In a stunning development in the continuing controversy over the proposed removal of invasive plant species from a protected watershed in Felton, the author of the eradication plan abruptly quit last week, leaving its implementation in limbo.
Citing “current restrictions on tools to control the invasive woody plants,” veteran environmental consultant and Ben Lomond resident Suzanne Schettler wrote the San Lorenzo Valley Water District on April 25, that “I respectfully withdraw my participation with the Broom/Acacia Management Plan.”
Schettler wrote the plan, which was the primary topic of a nearly four-hour discussion at a special meeting of the water district board on Wednesday.
Schettler’s announcement came at the end of a 700-word email that summarized her efforts to assess options – and increasing U.S. Fish and Wildlife restrictions on them – that could be used to remove yellow-blooming French broom and pungent white-blossomed acacia from 180 acres owned by the water district. These invasive woody plants are choking out more diverse indigenous plant species.
“I have neither the time nor the thick skin it would take to be an apologist for Monsanto in a highly charged atmosphere,” she wrote the board.
“I totally disapprove of many of Monsanto’s business practices,” she continued. “I believe in only tightly limited use of herbicide as a tool of last resort for vegetation management, and only as a supplement to non-chemical control.”
Monsanto is the manufacturer of Roundup, whose primary ingredient is glyphosate, the world’s most widely used – and controversial – herbicide. The State of California in late March labeled the herbicide carcinogenic.
Schettler did not respond to emails and phone calls.
Her letter was included along with more than a dozen other letters in the water district’s “board packet” for the Wednesday meeting, which was emailed to all board directors and others. It was posted on the district’s website on April 28.

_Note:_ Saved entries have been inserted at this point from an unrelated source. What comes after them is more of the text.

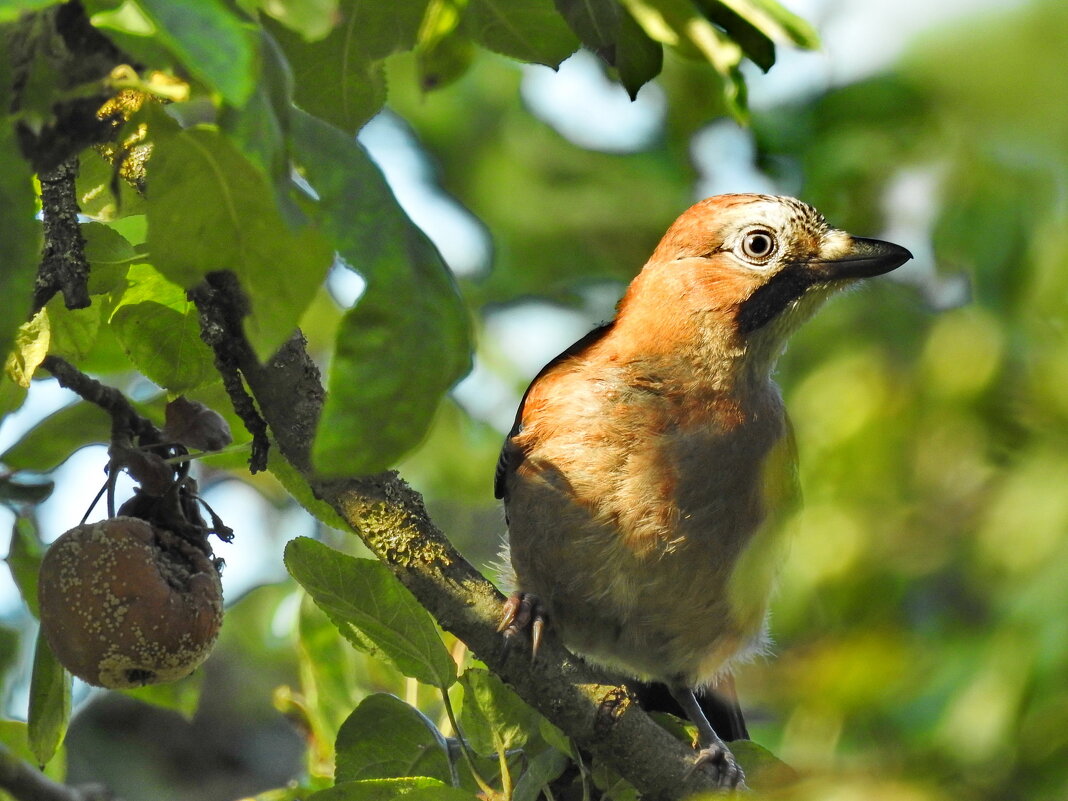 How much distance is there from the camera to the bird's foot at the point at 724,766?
3324 millimetres

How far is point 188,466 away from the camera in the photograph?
2840 mm

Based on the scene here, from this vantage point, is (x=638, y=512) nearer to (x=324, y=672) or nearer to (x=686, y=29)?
(x=324, y=672)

“I live on the edge of the Sandhills and have been professionally involved in their ecology and restoration for over 25 years. I put many more hours into the first two drafts of this plan than were anticipated,” Schettler told the water board in her email.

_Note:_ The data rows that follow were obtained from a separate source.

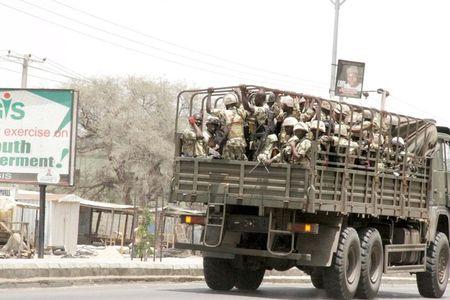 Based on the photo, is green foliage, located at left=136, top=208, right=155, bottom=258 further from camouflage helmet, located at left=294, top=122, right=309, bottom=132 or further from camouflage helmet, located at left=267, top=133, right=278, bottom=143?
camouflage helmet, located at left=294, top=122, right=309, bottom=132

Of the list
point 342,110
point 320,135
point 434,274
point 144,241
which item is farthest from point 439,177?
point 144,241

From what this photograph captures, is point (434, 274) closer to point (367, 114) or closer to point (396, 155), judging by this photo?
point (396, 155)

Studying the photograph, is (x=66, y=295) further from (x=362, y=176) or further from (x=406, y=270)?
(x=406, y=270)

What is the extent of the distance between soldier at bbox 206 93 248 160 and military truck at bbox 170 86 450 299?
0.22m

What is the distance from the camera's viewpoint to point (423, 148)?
1811 centimetres

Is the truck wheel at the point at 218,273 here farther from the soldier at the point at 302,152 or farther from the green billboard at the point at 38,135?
the green billboard at the point at 38,135

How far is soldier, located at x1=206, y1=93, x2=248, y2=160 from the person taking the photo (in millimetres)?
15211

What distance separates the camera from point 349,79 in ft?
126

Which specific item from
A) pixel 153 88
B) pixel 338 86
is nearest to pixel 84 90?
pixel 153 88

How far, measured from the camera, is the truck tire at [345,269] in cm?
1520

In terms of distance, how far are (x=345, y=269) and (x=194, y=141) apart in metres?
3.01

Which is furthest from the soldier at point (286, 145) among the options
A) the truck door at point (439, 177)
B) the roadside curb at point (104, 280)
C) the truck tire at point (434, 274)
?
the truck tire at point (434, 274)

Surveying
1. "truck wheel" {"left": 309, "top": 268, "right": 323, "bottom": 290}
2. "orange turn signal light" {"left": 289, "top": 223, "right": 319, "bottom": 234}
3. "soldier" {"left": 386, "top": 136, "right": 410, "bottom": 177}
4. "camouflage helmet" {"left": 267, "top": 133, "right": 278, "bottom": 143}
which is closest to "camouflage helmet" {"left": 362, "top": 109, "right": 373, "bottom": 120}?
"soldier" {"left": 386, "top": 136, "right": 410, "bottom": 177}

”I hope others can work together and create a legal and practical approach to controlling broom and acacia at the Wellfield. It will be an ecological tragedy if the water district’s unique Sandhills and Sand Parkland habitat and rare plants are doomed to be destroyed by invasive species because of administrative restrictions.”
She said her draft report was now outdated because of the latest restrictions imposed by Fish and Wildlife to protect the endangered Mount Hermon June Beetle, a small striped scarab that only lives in the Zayante sand hills. Delays in Fish and Wildlife approval of mitigation plans for the same beetle continue to thwart efforts in nearby Scotts Valley to build a new middle school.
One option in Schettler’s draft plan suggested using carefully controlled amounts of glyphosate applied to the cambium of each of trimmed plant, from which new stems grow.
She also said that the herbicide would only needed to be used once, if the water district followed up this “cut stump” removal method by shallow hoeing or “thermal weeding” of the subsequent first-year seedlings every year.
But Fish and Wildlife said on March 31 that new permits would be needed, and new safeguards would need to be put in place because of possible disruption of the Mount Hermon June Beetle’s below-ground home.